Chinese calligraphy draws a lot of attention for its beauty and elegance. But due to the complexity of shape and styles of calligraphic characters, it is difficult for common users to recognize them. Thus it would be great if a tool is provided to help users to recognize the unknown calligraphic characters. The well-known OCR (Optical Character Recognition) technology can hardly help people to recognize the unknown characters because of their deformation and complexity. In CADAL, a Calligraphic Character Dictionary (CalliCD) which contains character images labeled with semantic meaning has been constructed and provided to common users to use online. With the help of CalliCD, user can learn more about the unknown calligraphic character by performing similarity based searching. But as with the growth of CalliCD, it takes intolerable time to do the similarity based one-to-one searching. Strategies that can handle large scale data are needed. In this paper, a fast recognition schema based on retrieval is proposed. In addition, a novel shape descriptor, called GIST-SC, is proposed to represent calligraphic character image for efficient and effective retrieval. The schema works in three steps. Firstly approximate nearest neighbors of the character image to be recognized are found quickly. Secondly, one-to-one fine matching between approximate nearest neighbors and the character image to be recognized is performed. Finally the recognition based on semantic probability is given. Our experiments show that the GIST-SC descriptor and the recognition schema are efficient and effective for Chinese calligraphic character recognition with CalliCD.

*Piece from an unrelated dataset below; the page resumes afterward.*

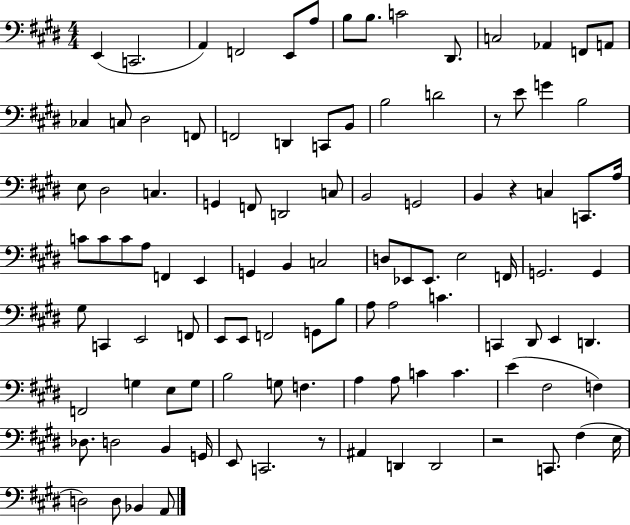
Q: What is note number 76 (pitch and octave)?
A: G3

机译:中国书法的优美和典雅吸引了很多关注。但是由于书法字符的形状和样式的复杂性,普通用户很难识别它们。因此,如果提供一种工具来帮助用户识别未知的书法字符,那就太好了。众所周知的OCR(光学字符识别)技术由于其变形和复杂性,几乎无法帮助人们识别未知字符。在CADAL中,已构建了包含用语义标记的字符图像的书法字符词典(CalliCD),并提供给普通用户以在线使用。借助CalliCD,用户可以通过执行基于相似度的搜索来了解有关未知书法字符的更多信息。但是随着CalliCD的增长,基于一对一的搜索进行相似性花费了无法忍受的时间。需要可以处理大规模数据的策略。本文提出了一种基于检索的快速识别方案。此外,提出了一种新颖的形状描述符,称为GIST-SC,用于表示书法字符图像,以进行高效有效的检索。该架构分为三个步骤。首先,快速找到要识别的字符图像的近似最近邻居。其次,在近似最接近的邻居和要识别的字符图像之间进行一对一的精细匹配。最后给出了基于语义概率的识别。我们的实验表明,GIST-SC描述符和识别方案对于用CalliCD进行中文书法字符识别是有效的。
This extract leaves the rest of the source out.